The response must consist of every record, restated word for word.

DATA SUPPLIED:
=== Begin Enclosure ===

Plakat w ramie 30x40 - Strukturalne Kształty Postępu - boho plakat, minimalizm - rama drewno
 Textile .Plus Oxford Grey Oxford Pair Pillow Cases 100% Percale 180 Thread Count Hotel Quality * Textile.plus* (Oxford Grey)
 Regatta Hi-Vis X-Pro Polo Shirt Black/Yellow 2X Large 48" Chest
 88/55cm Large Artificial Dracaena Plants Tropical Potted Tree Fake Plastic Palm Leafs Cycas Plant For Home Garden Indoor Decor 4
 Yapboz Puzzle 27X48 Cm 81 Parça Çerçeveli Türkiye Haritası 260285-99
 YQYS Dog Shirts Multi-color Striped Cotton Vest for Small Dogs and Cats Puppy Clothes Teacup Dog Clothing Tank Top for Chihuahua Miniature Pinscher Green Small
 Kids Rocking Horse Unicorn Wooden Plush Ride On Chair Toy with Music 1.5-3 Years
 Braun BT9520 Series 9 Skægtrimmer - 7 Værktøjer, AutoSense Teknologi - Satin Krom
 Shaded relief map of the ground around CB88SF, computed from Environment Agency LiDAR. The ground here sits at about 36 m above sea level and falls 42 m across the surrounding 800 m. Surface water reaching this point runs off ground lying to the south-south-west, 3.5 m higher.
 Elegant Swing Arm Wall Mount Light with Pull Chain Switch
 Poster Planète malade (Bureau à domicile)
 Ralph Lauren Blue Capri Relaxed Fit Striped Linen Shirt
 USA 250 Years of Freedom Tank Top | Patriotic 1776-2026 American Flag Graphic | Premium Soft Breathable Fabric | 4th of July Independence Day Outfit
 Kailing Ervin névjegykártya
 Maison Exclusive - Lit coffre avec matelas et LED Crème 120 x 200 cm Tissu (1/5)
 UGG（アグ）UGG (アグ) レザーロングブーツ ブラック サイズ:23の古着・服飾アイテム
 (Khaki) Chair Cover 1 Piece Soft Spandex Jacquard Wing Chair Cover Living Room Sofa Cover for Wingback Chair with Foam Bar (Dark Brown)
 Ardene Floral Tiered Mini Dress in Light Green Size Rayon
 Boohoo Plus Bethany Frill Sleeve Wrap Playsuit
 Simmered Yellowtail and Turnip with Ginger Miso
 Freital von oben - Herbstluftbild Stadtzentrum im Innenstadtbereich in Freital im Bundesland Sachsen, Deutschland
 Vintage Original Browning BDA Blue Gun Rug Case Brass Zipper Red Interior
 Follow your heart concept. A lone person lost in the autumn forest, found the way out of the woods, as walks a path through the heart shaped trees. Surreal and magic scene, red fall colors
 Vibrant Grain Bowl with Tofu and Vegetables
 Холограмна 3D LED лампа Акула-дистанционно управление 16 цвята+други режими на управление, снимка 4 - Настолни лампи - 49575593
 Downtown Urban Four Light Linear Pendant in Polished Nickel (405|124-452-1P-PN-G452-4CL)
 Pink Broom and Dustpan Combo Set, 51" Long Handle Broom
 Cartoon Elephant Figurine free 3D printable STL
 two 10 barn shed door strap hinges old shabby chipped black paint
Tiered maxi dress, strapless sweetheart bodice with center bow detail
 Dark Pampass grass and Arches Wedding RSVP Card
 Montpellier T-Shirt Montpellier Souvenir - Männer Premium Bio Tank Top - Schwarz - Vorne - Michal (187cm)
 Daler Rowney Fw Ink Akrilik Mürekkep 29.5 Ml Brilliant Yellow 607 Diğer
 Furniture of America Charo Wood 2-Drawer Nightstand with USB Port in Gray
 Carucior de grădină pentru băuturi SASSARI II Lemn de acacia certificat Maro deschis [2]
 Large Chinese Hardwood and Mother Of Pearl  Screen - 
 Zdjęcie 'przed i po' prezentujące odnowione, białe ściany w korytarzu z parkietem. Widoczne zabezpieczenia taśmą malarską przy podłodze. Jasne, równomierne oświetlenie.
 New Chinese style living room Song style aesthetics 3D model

=== End Enclosure ===

TASK ANSWER:
Plakat w ramie 30x40 - Strukturalne Kształty Postępu - boho plakat, minimalizm - rama drewno
 Textile .Plus Oxford Grey Oxford Pair Pillow Cases 100% Percale 180 Thread Count Hotel Quality * Textile.plus* (Oxford Grey)
 Regatta Hi-Vis X-Pro Polo Shirt Black/Yellow 2X Large 48" Chest
 88/55cm Large Artificial Dracaena Plants Tropical Potted Tree Fake Plastic Palm Leafs Cycas Plant For Home Garden Indoor Decor 4
 Yapboz Puzzle 27X48 Cm 81 Parça Çerçeveli Türkiye Haritası 260285-99
 YQYS Dog Shirts Multi-color Striped Cotton Vest for Small Dogs and Cats Puppy Clothes Teacup Dog Clothing Tank Top for Chihuahua Miniature Pinscher Green Small
 Kids Rocking Horse Unicorn Wooden Plush Ride On Chair Toy with Music 1.5-3 Years
 Braun BT9520 Series 9 Skægtrimmer - 7 Værktøjer, AutoSense Teknologi - Satin Krom
 Shaded relief map of the ground around CB88SF, computed from Environment Agency LiDAR. The ground here sits at about 36 m above sea level and falls 42 m across the surrounding 800 m. Surface water reaching this point runs off ground lying to the south-south-west, 3.5 m higher.
 Elegant Swing Arm Wall Mount Light with Pull Chain Switch
 Poster Planète malade (Bureau à domicile)
 Ralph Lauren Blue Capri Relaxed Fit Striped Linen Shirt
 USA 250 Years of Freedom Tank Top | Patriotic 1776-2026 American Flag Graphic | Premium Soft Breathable Fabric | 4th of July Independence Day Outfit
 Kailing Ervin névjegykártya
 Maison Exclusive - Lit coffre avec matelas et LED Crème 120 x 200 cm Tissu (1/5)
 UGG（アグ）UGG (アグ) レザーロングブーツ ブラック サイズ:23の古着・服飾アイテム
 (Khaki) Chair Cover 1 Piece Soft Spandex Jacquard Wing Chair Cover Living Room Sofa Cover for Wingback Chair with Foam Bar (Dark Brown)
 Ardene Floral Tiered Mini Dress in Light Green Size Rayon
 Boohoo Plus Bethany Frill Sleeve Wrap Playsuit
 Simmered Yellowtail and Turnip with Ginger Miso
 Freital von oben - Herbstluftbild Stadtzentrum im Innenstadtbereich in Freital im Bundesland Sachsen, Deutschland
 Vintage Original Browning BDA Blue Gun Rug Case Brass Zipper Red Interior
 Follow your heart concept. A lone person lost in the autumn forest, found the way out of the woods, as walks a path through the heart shaped trees. Surreal and magic scene, red fall colors
 Vibrant Grain Bowl with Tofu and Vegetables
 Холограмна 3D LED лампа Акула-дистанционно управление 16 цвята+други режими на управление, снимка 4 - Настолни лампи - 49575593
 Downtown Urban Four Light Linear Pendant in Polished Nickel (405|124-452-1P-PN-G452-4CL)
 Pink Broom and Dustpan Combo Set, 51" Long Handle Broom
 Cartoon Elephant Figurine free 3D printable STL
 two 10 barn shed door strap hinges old shabby chipped black paint
Tiered maxi dress, strapless sweetheart bodice with center bow detail
 Dark Pampass grass and Arches Wedding RSVP Card
 Montpellier T-Shirt Montpellier Souvenir - Männer Premium Bio Tank Top - Schwarz - Vorne - Michal (187cm)
 Daler Rowney Fw Ink Akrilik Mürekkep 29.5 Ml Brilliant Yellow 607 Diğer
 Furniture of America Charo Wood 2-Drawer Nightstand with USB Port in Gray
 Carucior de grădină pentru băuturi SASSARI II Lemn de acacia certificat Maro deschis [2]
 Large Chinese Hardwood and Mother Of Pearl  Screen - 
 Zdjęcie 'przed i po' prezentujące odnowione, białe ściany w korytarzu z parkietem. Widoczne zabezpieczenia taśmą malarską przy podłodze. Jasne, równomierne oświetlenie.
 New Chinese style living room Song style aesthetics 3D model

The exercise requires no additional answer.